Risks dialed up since your post: With 2025's EMVCo mandate for 3DS 2.3 (adding AI-driven anomaly detection on transaction graphs), even frictionless ghosts you on network effects – three $300 drops in 20mins across affiliates? Flagged via Visa's Advanced Authorization. Counter: Pace at 1-2/hour per BIN, intersperse with legit-ish $10 fillers. And SIM/OTP farms? Viable for challenge flows, but burnout's real – Twilio burners hit $0.05/SMS, but issuers like Santander geoblock non-native numbers now. Better: SIM swap kits on darknet (target MVNOs like Mint Mobile) for issuer OTP reroutes, but opsec ironclad – use airgapped burners.

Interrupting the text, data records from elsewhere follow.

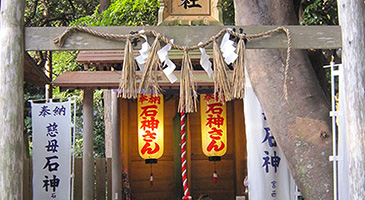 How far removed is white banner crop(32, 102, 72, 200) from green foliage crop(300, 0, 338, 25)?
4.59 meters

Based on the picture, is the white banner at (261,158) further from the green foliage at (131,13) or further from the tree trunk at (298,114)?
the green foliage at (131,13)

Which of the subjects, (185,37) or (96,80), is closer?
(185,37)

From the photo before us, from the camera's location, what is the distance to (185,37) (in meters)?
4.37

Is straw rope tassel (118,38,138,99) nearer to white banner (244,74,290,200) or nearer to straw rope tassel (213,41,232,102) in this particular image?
straw rope tassel (213,41,232,102)

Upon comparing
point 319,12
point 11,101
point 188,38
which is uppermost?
point 319,12

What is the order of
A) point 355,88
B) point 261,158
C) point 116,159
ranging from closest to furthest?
1. point 355,88
2. point 261,158
3. point 116,159

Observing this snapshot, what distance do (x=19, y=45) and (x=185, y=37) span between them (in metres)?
1.55

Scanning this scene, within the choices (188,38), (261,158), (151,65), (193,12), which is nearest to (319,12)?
(261,158)

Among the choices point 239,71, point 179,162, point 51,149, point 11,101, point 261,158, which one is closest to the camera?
point 11,101

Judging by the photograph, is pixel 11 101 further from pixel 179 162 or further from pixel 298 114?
pixel 179 162

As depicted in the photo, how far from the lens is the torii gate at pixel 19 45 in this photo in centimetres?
406

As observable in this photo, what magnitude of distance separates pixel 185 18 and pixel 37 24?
34.0ft

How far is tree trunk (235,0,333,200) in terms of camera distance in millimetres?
4789

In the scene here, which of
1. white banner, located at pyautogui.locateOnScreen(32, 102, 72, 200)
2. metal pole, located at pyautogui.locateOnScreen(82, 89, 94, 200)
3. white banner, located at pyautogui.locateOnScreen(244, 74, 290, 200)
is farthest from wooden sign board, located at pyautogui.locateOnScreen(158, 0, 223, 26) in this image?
metal pole, located at pyautogui.locateOnScreen(82, 89, 94, 200) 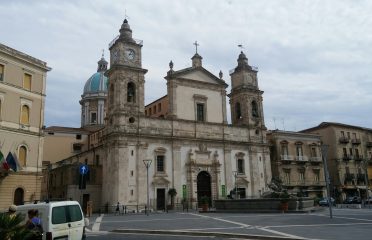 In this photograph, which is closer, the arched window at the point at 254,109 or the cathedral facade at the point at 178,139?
the cathedral facade at the point at 178,139

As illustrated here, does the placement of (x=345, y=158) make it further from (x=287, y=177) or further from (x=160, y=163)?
(x=160, y=163)

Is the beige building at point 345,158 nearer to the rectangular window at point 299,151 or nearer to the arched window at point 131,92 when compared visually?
the rectangular window at point 299,151

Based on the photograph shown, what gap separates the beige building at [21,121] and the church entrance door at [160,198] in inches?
508

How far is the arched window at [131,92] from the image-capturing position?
43000 mm

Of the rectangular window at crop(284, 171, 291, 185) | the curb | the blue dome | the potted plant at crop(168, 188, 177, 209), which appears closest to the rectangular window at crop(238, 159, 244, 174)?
the potted plant at crop(168, 188, 177, 209)

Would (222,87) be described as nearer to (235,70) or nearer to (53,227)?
(235,70)

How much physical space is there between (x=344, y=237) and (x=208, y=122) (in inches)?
1330

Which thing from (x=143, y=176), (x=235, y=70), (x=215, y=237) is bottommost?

Advice from the frontlines: Fish smart, not hard. Start with bait shops: AliExpress proxies or micro-merchants on BigCartel (zero 3DS overhead). Audit your stack weekly – CreepJS for browser leaks, Wireshark for TLS anomalies. Launder via virtual cards (Privacy.com clones) or mule rotations (never >$2k/week per). And for BIN validation? Build a SQLite DB of probed ranges: CREATE TABLE bins (bin TEXT PRIMARY KEY, enrolled TEXT, acs_url TEXT, eci INT, hit_rate REAL); – query for ECI:07 filters to cherry-pick.

If you've got those Part 2 payloads (AReq samples? DS curl one-liners?) or a Git drop for ACS parser, it'd crown this series. Keep ripping the veil, Carder – in a sea of LARPing noobs, this is pro fuel. Who's got fresh 2025 NONVBV ranges to stress-test? Drop 'em below, stay encrypted, banks never sleep.